Quick Links

Re: Collecting statistics about contents of JSONB columns

From:	Nikita Glukhov <n(dot)gluhov(at)postgrespro(dot)ru>
To:	Tomas Vondra <tomas(dot)vondra(at)enterprisedb(dot)com>, Mahendra Singh Thalor <mahi6run(at)gmail(dot)com>
Cc:	PostgreSQL Hackers <pgsql-hackers(at)lists(dot)postgresql(dot)org>, Mahendra Thalor <mahendra(dot)thalor(at)enterprisedb(dot)com>, Oleg Bartunov <obartunov(at)postgrespro(dot)ru>, Thomas Munro <thomas(dot)munro(at)gmail(dot)com>
Subject:	Re: Collecting statistics about contents of JSONB columns
Date:	2022-03-10 22:58:54
Message-ID:	bf7e1b50-8a35-a98a-251f-2a243558e470@postgrespro.ru
Views:	Whole Thread \| Raw Message \| Download mbox \| Resend email
Thread:
Lists:	pgsql-hackers

On 04.02.2022 05:47, Tomas Vondra wrote:
> On 1/25/22 17:56, Mahendra Singh Thalor wrote:
> >
>> ...
>>
>> For the last few days, I was trying to understand these patches, and
>> based on Tomas's suggestion, I was doing some performance tests.
>>
>> With the attached .SQL file, I can see that analyze is taking more
>> time with these patches.
>>
>> I haven't found the root cause of this but I feel that this time is
>> due to a loop of all the paths.
>> In my test data, there is a total of 951 different-2 paths. While
>> doing analysis, first we check all the sample rows(30000) and we
>> collect all the different-2 paths (here 951), and after that for
>> every single path, we loop over all the sample rows again to collect
>> stats for a particular path. I feel that these loops might be taking
>> time.
>>
> Thanks, I've been doing some performance tests too, and you're right
> it takes quite a bit of time.

That is absolutely not surprising, I have warned about poor performance
in cases with a large number of paths.

> I agree the slowness is largely due to extracting all paths and then
> processing them one by one - which means we have to loop over the
> tuples over and over.

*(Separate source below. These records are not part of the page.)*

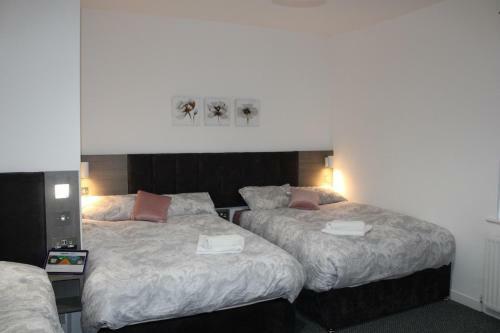Lovely, Spacious 3 Bed House Close To City Centre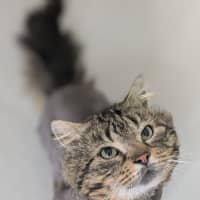 Photo of 🐟 Mahi Mahi 6469 🐟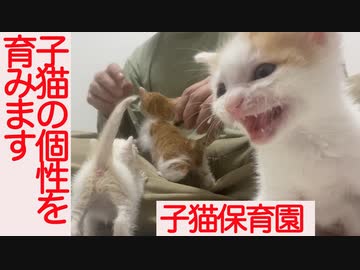 子猫の個性を見つめ育む、保護子猫保育園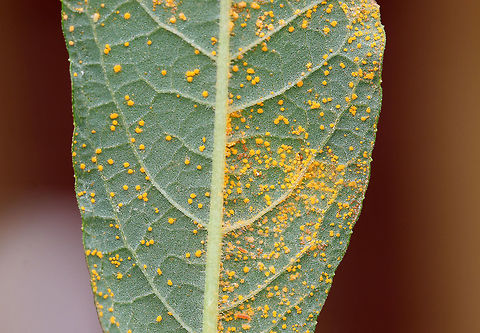 Coleosporium vernoniae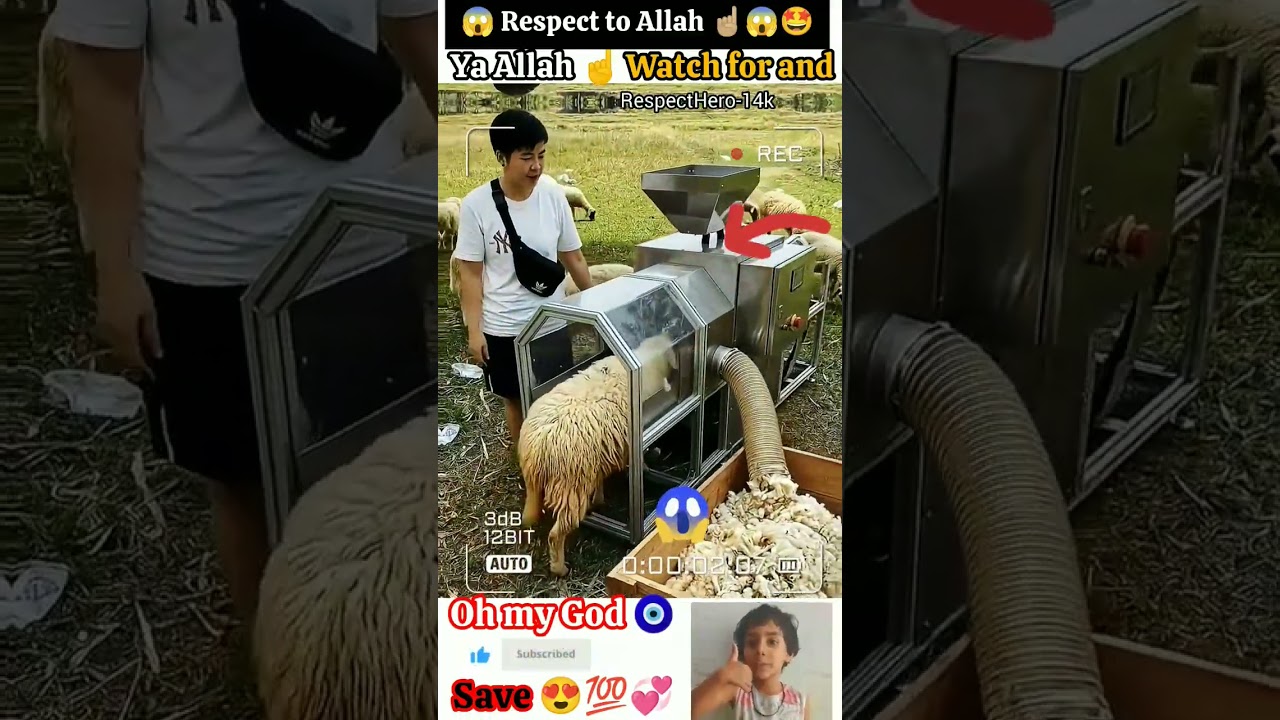 mashallah 🤲😇 respect 😍#allah​ #status​ #short​ #shorts​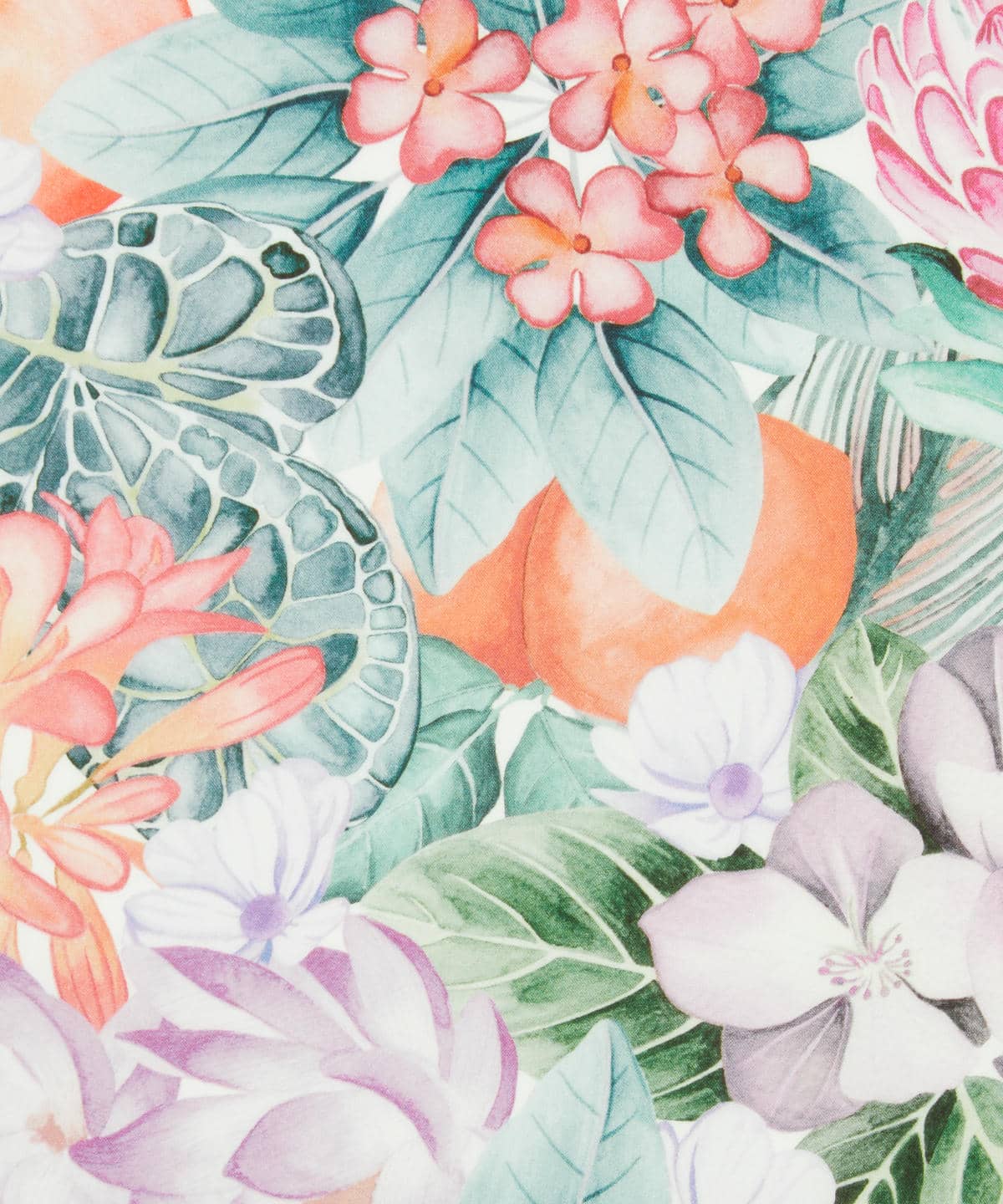 ポピー・アンド・フレディ タナローン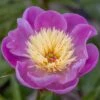 Paeonia Lactiflora 'Bowl Of Beauty'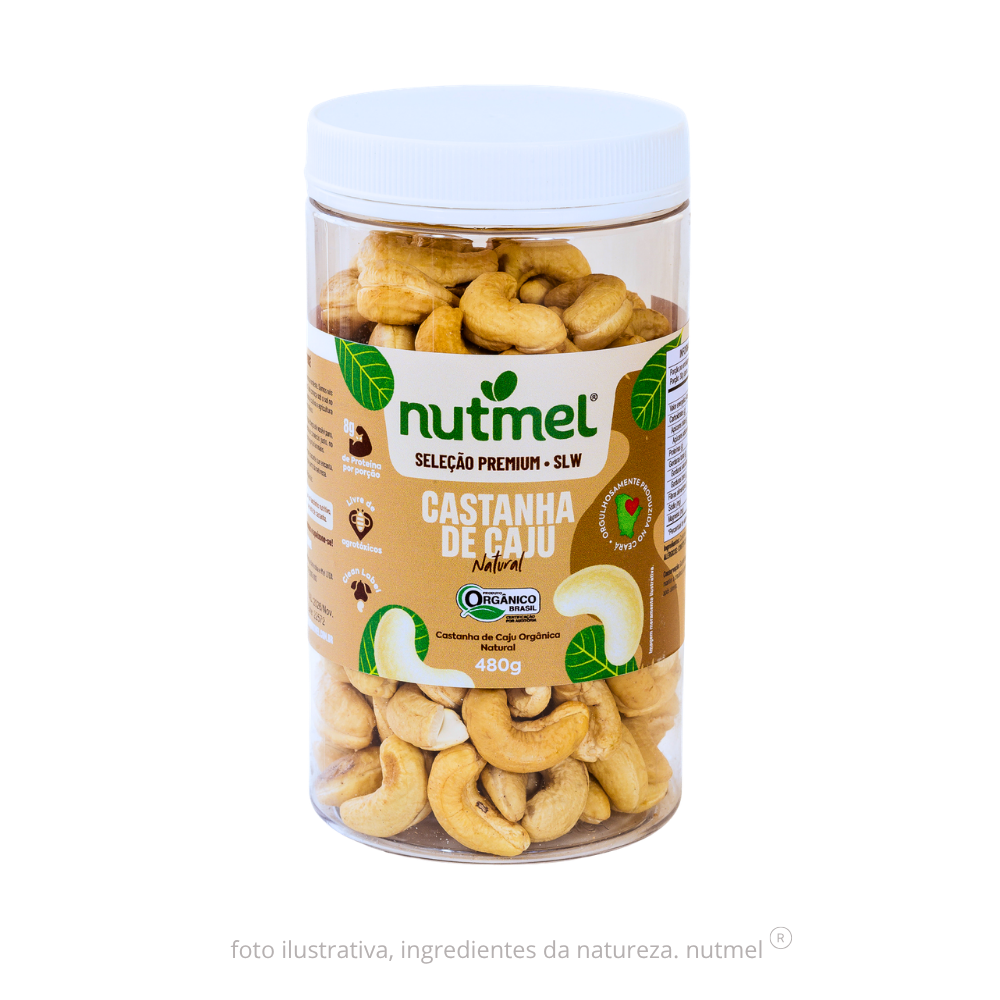 Castanha caju premium orgânica slw natural pote 480g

In this case there's about 850k distinct paths
> extracted, so we do ~850k loops over 30k tuples. That's gotta take time.
>
> I don't know what exactly to do about this, but I already mentioned we
> may need to pick a subset of paths to keep, similarly to how we pick
> items for MCV. I mean, if we only saw a path once or twice, it's
> unlikely to be interesting enough to build stats for it. I haven't
> tried, but I'd bet most of the 850k paths might be ignored like this.
>
> The other thing we might do is making it the loops more efficient. For
> example, we might track which documents contain each path (by a small
> bitmap or something), so that in the loop we can skip rows that don't
> contain the path we're currently processing. Or something like that.
>
>> Apart from this performance issue, I haven't found any crashes or
>> issues.
>>
>
> Well, I haven't seen any crashes either, but as I mentioned for
> complex documents (2 levels, many distinct keys) the ANALYZE starts
> consuming a lot of memory and may get killed by OOM. For example if
> you generate documents like this
>
> ./json-generate.py 30000 2 8 1000 6 1000
>
> and then run ANALYZE, that'll take ages and it very quickly gets into
> a situation like this (generated from gdb by calling
> MemoryContextStats on TopMemoryContext): and then run ANALYZE, that'll
> take ages and it very quickly gets into a situation like this
> (generated from gdb by calling MemoryContextStats on TopMemoryContext):
>
> -------------------------------------------------------------------------
> TopMemoryContext: 80776 total in 6 blocks; 13992 free (18 chunks);
> 66784 used
> ...
> TopPortalContext: 8192 total in 1 blocks; 7656 free (0 chunks); 536
> used
>     PortalContext: 1024 total in 1 blocks; 488 free (0 chunks); 536
> used: <unnamed>
>       Analyze: 472726496 total in 150 blocks; 3725776 free (4 chunks);
> 469000720 used
>         Analyze Column: 921177696 total in 120 blocks; 5123256 free
> (238 chunks); 916054440 used
>           Json Analyze Tmp Context: 8192 total in 1 blocks; 5720 free
> (1 chunks); 2472 used
>             Json Analyze Pass Context: 8192 total in 1 blocks; 7928
> free (0 chunks); 264 used
>           JSON analyze path table: 1639706040 total in 25084 blocks;
> 1513640 free (33 chunks); 1638192400 used
>       Vacuum: 8192 total in 1 blocks; 7448 free (0 chunks); 744 used
> ...
> Grand total: 3035316184 bytes in 25542 blocks; 10971120 free (352
> chunks); 3024345064 used
> -------------------------------------------------------------------------
>
>
> Yes, that's backend 3GB of memory, out of which 1.6GB is in "analyze
> path table" context, 400MB in "analyze" and 900MB in "analyze column"
> contexts. I mean, that seems a bit excessive. And it grows over time,
> so after a while my laptop gives up and kills the backend.
>
> I'm not sure if it's a memory leak (which would be fixable), or it's
> due to keeping stats for all the extracted paths. I mean, in this
> particular case we have 850k paths - even if stats are just 1kB per
> path, that's 850MB. This requires more investigation.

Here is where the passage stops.